Lazarus Shale Talks Curriculum: An Open Letter to Laura Da’

Dear Laura,

I know we don’t know each other and I appreciate that sending this open letter in the form of a blogpost may not be the best way to connect for the first time. However, let me try to explain why I wanted to contact you in this way today – October 11th, Indigenous Peoples’ Day 2021 – of all days.

I am writing to you today from your ancestral lands here in Ohio. I am sitting outside the Wexner Center for the Arts on the Ohio State University campus at a metal table that looks out onto the busy traffic of High Street/US 23. This place is of some significance to me, not least because it is here that I have regular meetings with Indigo Gonzales, a local Afro-Indigenous artist, who I have had the honor of working with on several collaborations, including the monthly radio show dear fellow settler colonizer, for the local community online radio station Verge.Fm (below is an image promoting our last conversation, accompanied by the music of Suzanne Kite. In fact, after I have finished writing this to you, I need to work on editing the recording of our upcoming episode, set to be aired this Friday October 15th at 2pm EST, about Indigo’s participation in the project Potu faitautusi at Columbus Printed Arts Center).

Back to the here and now. If you head south on this road running next to where I am sitting writing this, which dissects the state of Ohio, it leads from Columbus to Chillicothe, almost following the course of the Scioto River. My family (my partner, Rebeka, and our son, Eneko) travel this route many times as we often go on holiday in or around Chillicothe, hiking and visiting the earthworks, such as (so-called) Seip Mound.

The last few times we have made this short, hour long trip south, I have brought with me books of your poetry: your chapbook The Tecumseh Motel, included in the anthology Effigies II, edited by Allison Adelle Hedge Coke in 2014, tributaries and Instruments of the True Measure, both published in the Sun Tracks series by Arizona University Press in 2015 and 2018 respectively.

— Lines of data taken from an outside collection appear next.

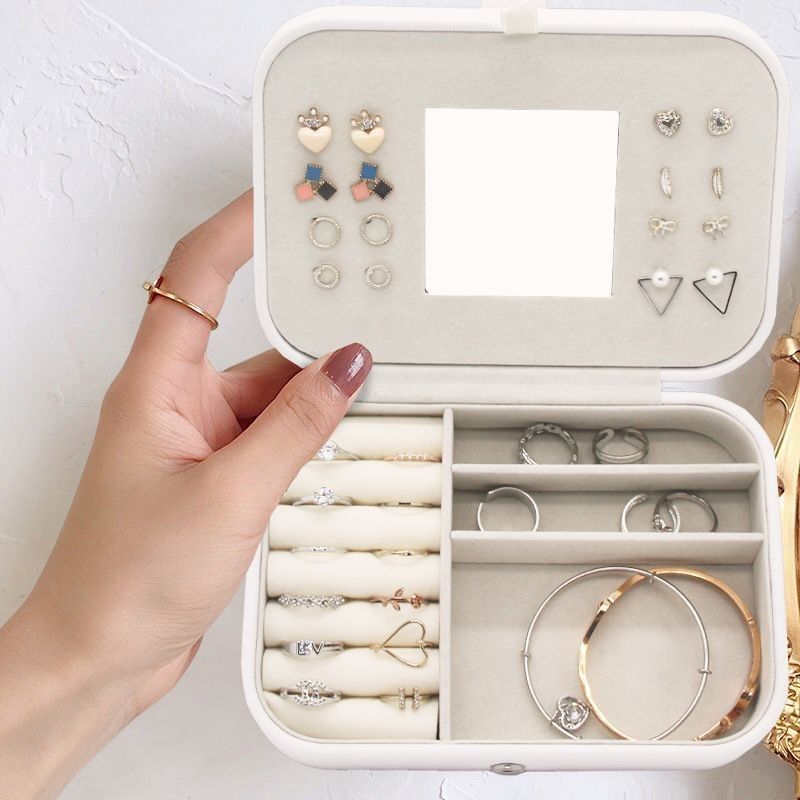 Portable Square Mini Perhiasan Travel Case Cincin Earrings Kalung Pesta Pernikahan Box Hadiah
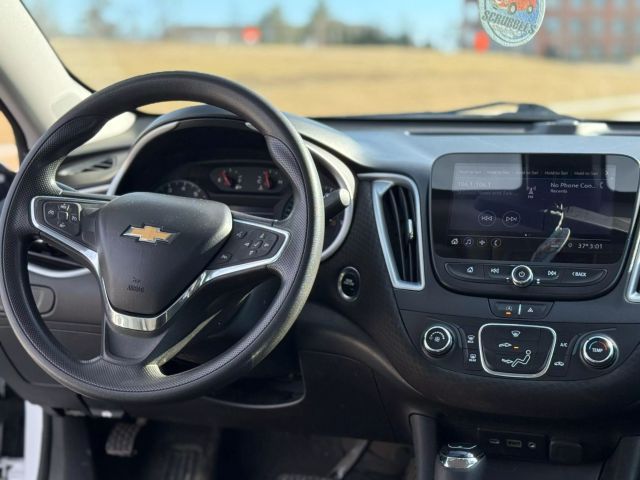 2020 Chevrolet Malibu - Image 26
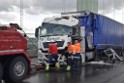 Schwerer LKW VU PKlemm A 4 Rich Olpe auf der Rodenkirchener Bruecke P388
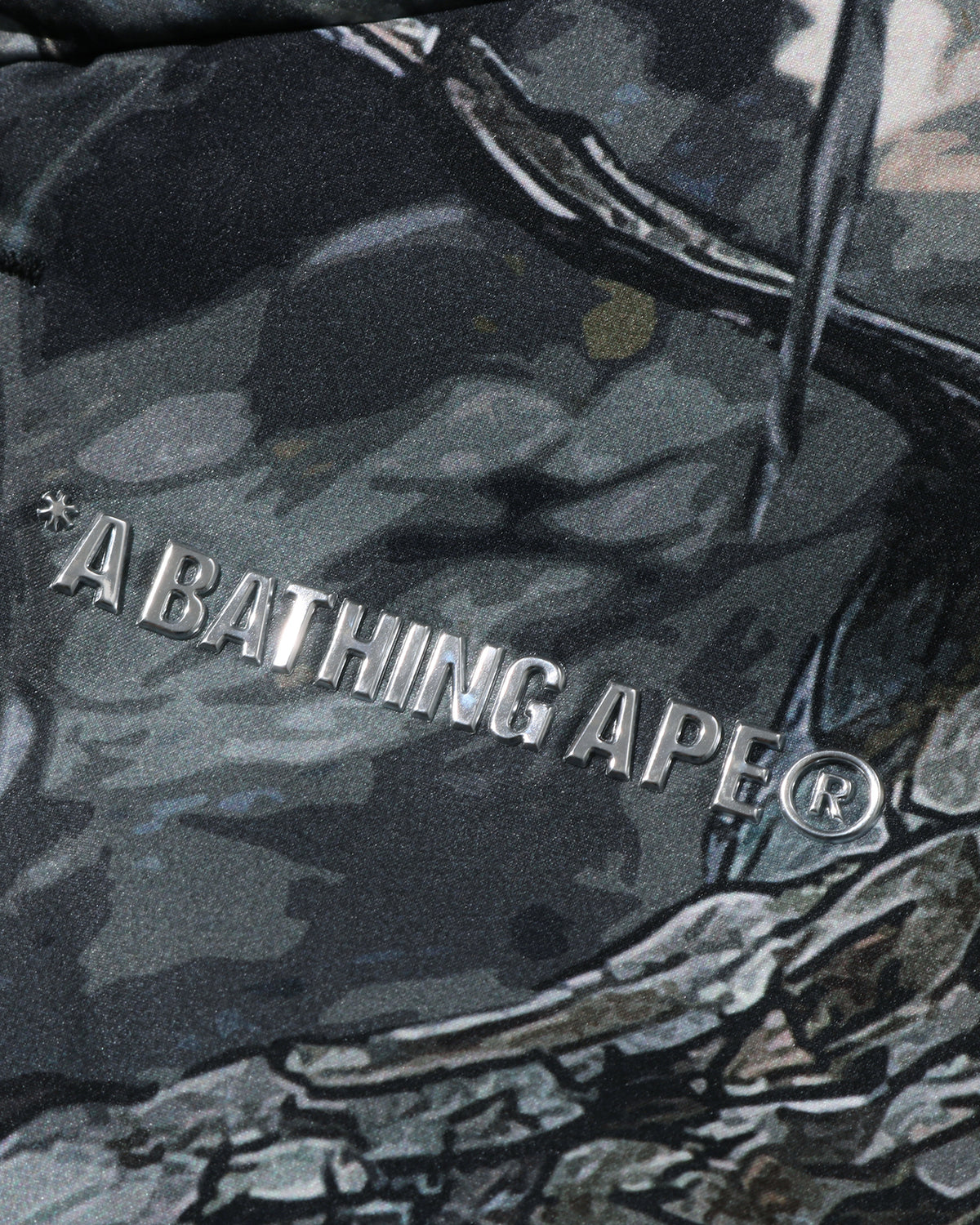 Tree Edge Camo Metal Logo Down Jacket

I first came across your work in Joy Harjo, Leanne Howe and Jennifer Elise Foerster’s 2020 anthology When the Light of the World Was Subdued, Our Songs Came Through: A Norton Anthology of Native Nations Poetry.

Two of your poems (‘Nationhood’ and ‘Measuring the Distance to Oklahoma’) were included in the first section of the book on the Northeast and Midwest. In her introduction to this section called ‘Writing a Poetry of Continuance’, contributing editor Kimberly M. Blaeser writes:

Da’ addresses the literal erasure of Native knowledge, identity, and sovereignty through such things as the rampant renaming and remapping of tribal homelands.

These two poems stopped me in my tracks, especially how the opening, matter-of-fact line of ‘Nationhood’ (“I am a citizen of two nations: Shawnee and American. I have one son who is a citizen of three.”) explodes into the transformation of frontier, past and present, bodily and geographically, at the very heart of your poetry:

Before he was born, I learned that, like all infants, he would need to experience a change of heart at birth in order to survive. When a baby successfully breathes in through the lungs, the heart changes from parallel flow to serial flow and the shunt between the right and left atriums closes. Our new bodies obliterate old frontiers.

I flew from these two poems to your three books, each of which told me more about where I lived than any visit to the Ohio History Connection ever could. Whenever the Shawnee are named in institutional Land Acknowledgments, I think of your poetry; whenever Indigenous people are referred to in the past tense, I think of your poetry; whenever we park the car in front of Seip Mound – the name of which always sticks in my throat -, I think of your poetry; in the classes I teach at Ohio State (I am in the department of Arts Administration, Education and Policy), I think of your poetry.

The latter happened most recently when, in the class I am currently teaching called Global Indigenous Arts: Education for Settlers, I asked the students – several , but not all, of whom were from Ohio – where they had encountered Indigenous peoples, cultures and histories in their education before this point, and one student mentioned Tecumseh. I couldn’t resist paraphrasing the title poem of your The Tecumseh Motel (also included in opening section of tributaries called ‘The Always Frontier’), in which you describe the experience of being honored as guests as you and other members of the Eastern Shawnee Tribe of Oklahoma attended a performance of the outdoor theater Tecumseh Drama performed at Sugarloaf Mountain Amphitheatre in Chillicothe.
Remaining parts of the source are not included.